# New Female Hunter from UP of Michigan :)



## melissavander (10 mo ago)

Hello!
I'm new to archery/bow hunting and really want to purchase a used Gen 1 Eva Shockey Bowtech. I'm not sure how to message on the for sale portion of this site, as it won't allow me. Any input? 
Thanks~


----------



## graycm84 (Mar 31, 2020)

Welcome from Oklahoma

you need to be a member for two weeks and also have 20 quality posts/comments before you are able to buy/sell.


----------



## SITKA SLAYER (11 mo ago)

Welcome from long island


----------



## VeritasHunter (May 4, 2020)

melissavander said:


> Hello!
> I'm new to archery/bow hunting and really want to purchase a used Gen 1 Eva Shockey Bowtech. I'm not sure how to message on the for sale portion of this site, as it won't allow me. Any input?
> Thanks~


Please read the rules before asking questions like this. All your answers are there. This exact question comes up multiple times a day because people don't take the time to read the rules they agreed to when they joined.


----------



## Tim Roberts (Jul 13, 2002)

melissavander.

You need two weeks membership and 20 posts before you can use the Classifieds, including messaging. Classifieds view/access explained.
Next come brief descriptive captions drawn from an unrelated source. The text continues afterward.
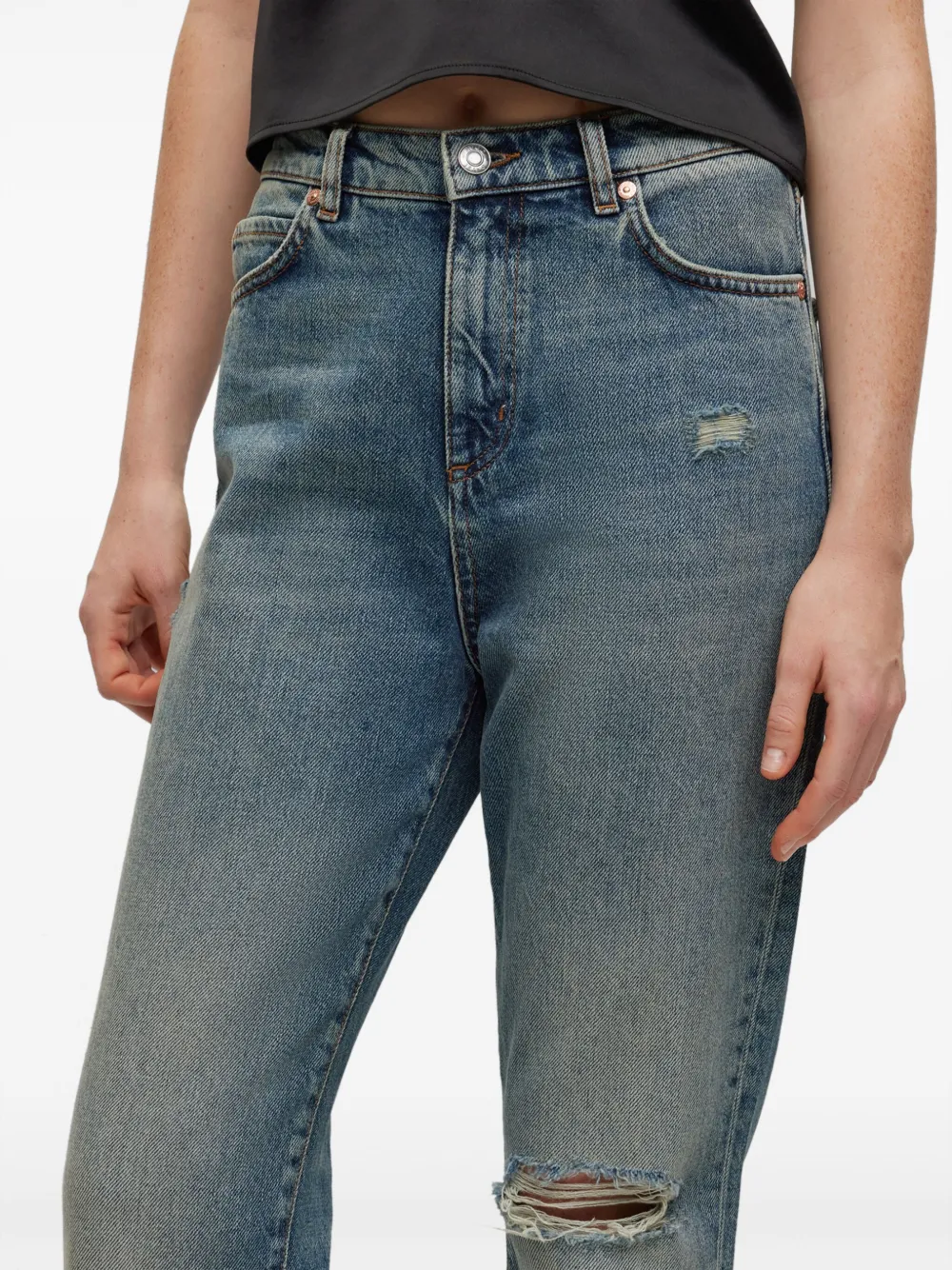 HUGO Jeans affusolati con applicazione | Image 5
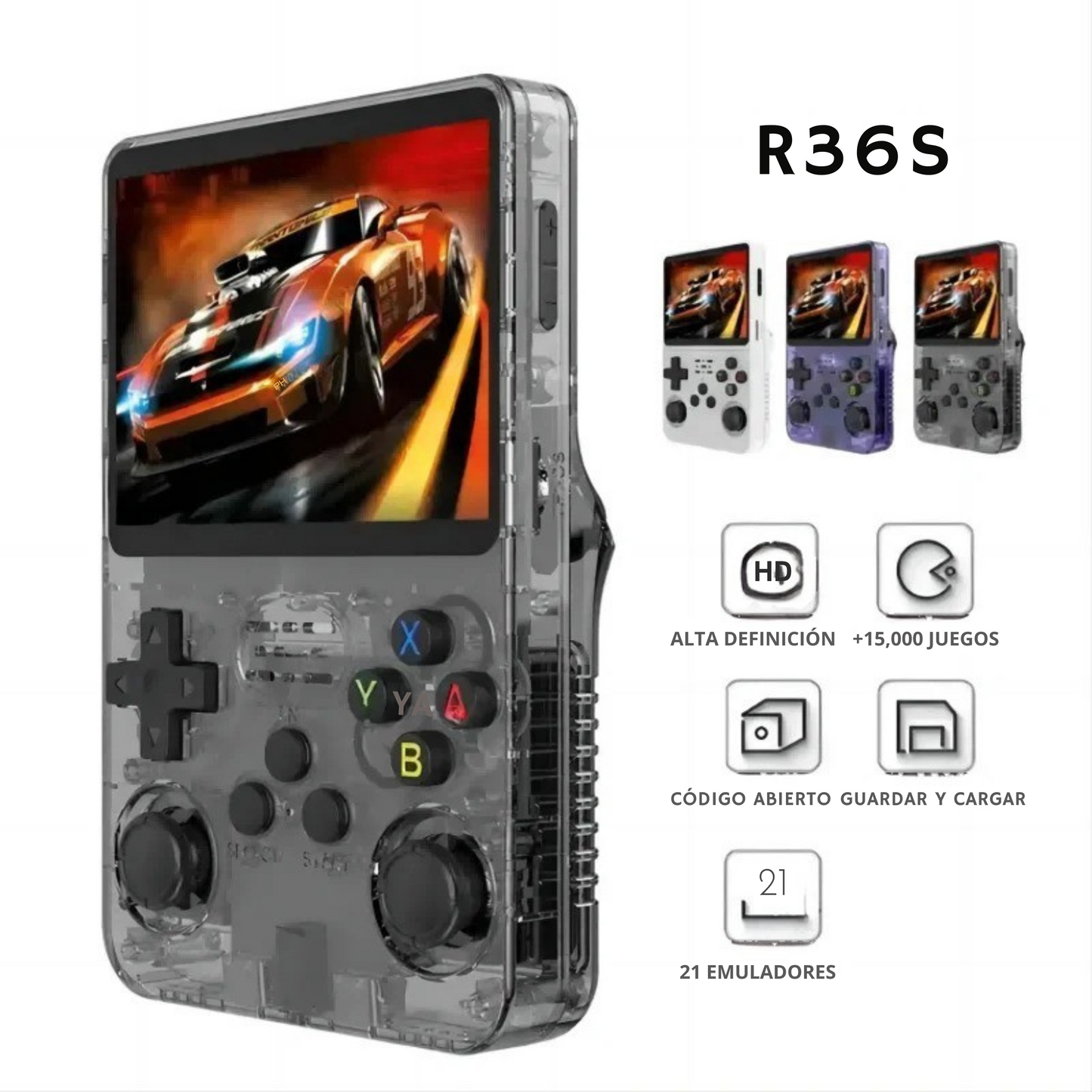 Consola de Juegos Retro Portátil, Single Card 64GB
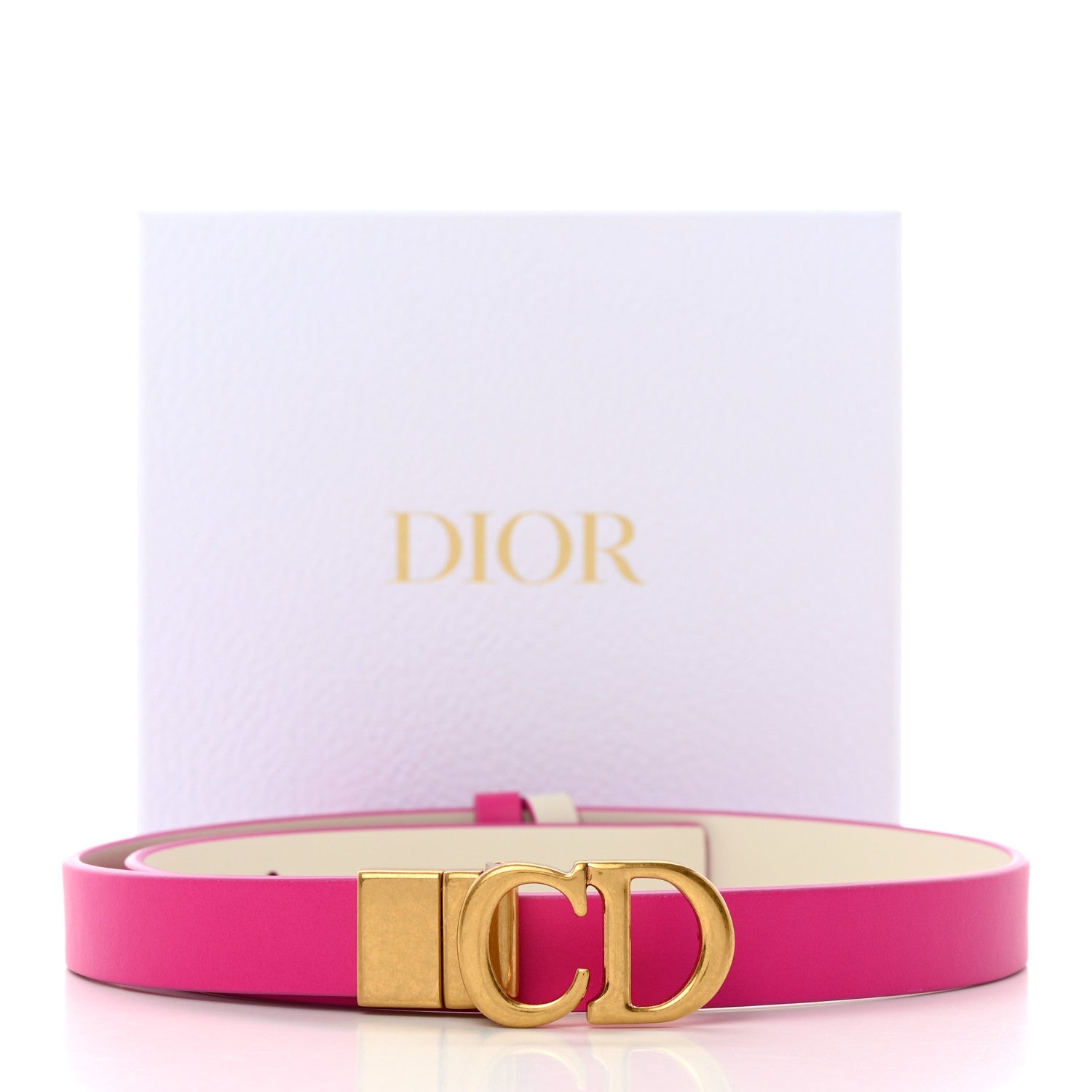 Christian Dior Calfskin Saddle Belt 70 28 Pink 8 of 8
Don't use this thread to buy and sell, as it will be deleted.


----------



## rapids (Feb 28, 2003)

Welcome to AT from northern Illinois.


----------



## buttercup (Mar 3, 2006)

Welcome from Penn State


----------



## Zar2120 (Mar 20, 2019)

VeritasHunter said:


> Please read the rules before asking questions like this. All your answers are there. This exact question comes up multiple times a day because people don't take the time to read the rules they agreed to when they joined.


Did this really offend you that much 😂


----------



## LoneWolfArcher (Jun 6, 2006)

Zar2120 said:


> Did this really offend you that much 😂


No kidding. Not a good way to welcome a newcomer!
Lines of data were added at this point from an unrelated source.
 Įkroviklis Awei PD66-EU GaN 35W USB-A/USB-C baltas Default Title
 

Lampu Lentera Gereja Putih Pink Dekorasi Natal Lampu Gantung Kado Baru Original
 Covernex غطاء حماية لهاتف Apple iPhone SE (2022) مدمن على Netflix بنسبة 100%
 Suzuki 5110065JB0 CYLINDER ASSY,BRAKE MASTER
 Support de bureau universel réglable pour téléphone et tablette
To the OP, welcome! Most people here are kind and helpful! Congrats on taking up the best sport on the planet.


----------



## VeritasHunter (May 4, 2020)

Zar2120 said:


> Did this really offend you that much 😂


Do you not see that this exact question is asked multiple times a day by people who don't actually read the rules they accepted when joining? Why is it wrong to expect people to simply read the rules of the forum? It's not like they're hidden somewhere obscure. They are linked at the top of *every* section.


----------



## Zar2120 (Mar 20, 2019)

VeritasHunter said:


> Do you not see that this exact question is asked multiple times a day by people who don't actually read the rules they accepted when joining? Why is it wrong to expect people to simply read the rules of the forum? It's not like they're hidden somewhere obscure. They are linked at the top of *every* section.


😂😂 you too? What’s the archery equivalent of a boomer or a Karen? If asking a question on an open online forum hurts your feelings that much, just keep scrolling lol far too sensitive.


----------



## VeritasHunter (May 4, 2020)

Zar2120 said:


> ...hurts your feelings that much, *just keep scrolling* lol far too sensitive.


You could take your own advice.


----------



## countryboy96 (Jul 24, 2010)

Welcome. The biggest thing is whatever bow you get is make sure get the right size for your draw length and get direction on proper form. Even a decent proshop will be able to get that done for you so just be careful with online bows if you don't know if it will fit or if you need a bow press to adjust or swap modules.


----------



## Zar2120 (Mar 20, 2019)

VeritasHunter said:


> You could take your own advice.


Ok boomer


----------



## Schlaudj (Jul 21, 2016)

Welcome from another Michigan hunter


----------



## VeritasHunter (May 4, 2020)

Zar2120 said:


> Ok boomer


Wow, that reply took probably most of your intellect to come up with. Very original.


----------



## Letsgopens (Sep 15, 2013)

Really my man a women vertical hunter …. Yea let’s whine about it instead of welcoming her into the fold and help . FFS go complain about cold chicken at the KFC


----------



## Zar2120 (Mar 20, 2019)

VeritasHunter said:


> Wow, that reply took probably most of your intellect to come up with. Very original.


No you can’t speak to my manager, Karen.


----------



## archeryfanatic1 (Dec 13, 2017)

Welcome to AT forum from a neighbor across the lake SE WI, unless you are a Yooper. Don't fret, you will get to those classifieds, but there is a wealth of knowledge to be had here and camaraderie to boot.


----------



## solohunter (Feb 22, 2005)

Welcome from NEIN.


----------



## cold1984 (Oct 7, 2009)

Welcome friend. I’m down statebin Oakland county


----------



## Nanuk360 (Mar 31, 2015)

Betcha ur sorry you asked now …. Lol

oh and welcome , Have a Blast !!!!


----------



## RealDakota (May 24, 2006)

Welcome!

A word to the wise: WTB posts attract scammers. Before you buy, it’s a good idea to read up on ways to protect your interests.


----------



## Kilmore (10 mo ago)

From one noob to another. Howdy from Utah.


----------



## speedy62 (Jan 20, 2021)

welcome from sw michigan


----------



## Uphunting122 (Dec 19, 2021)

Welcome! I am a fellow yooper as well! Just about as far north that you can drive in the UP is where I’m from!


----------



## bradleydm1 (10 mo ago)

Welcome from Iowa!


----------



## Send^It (10 mo ago)

Welcome!


----------



## thirdhandman (Nov 2, 2009)




----------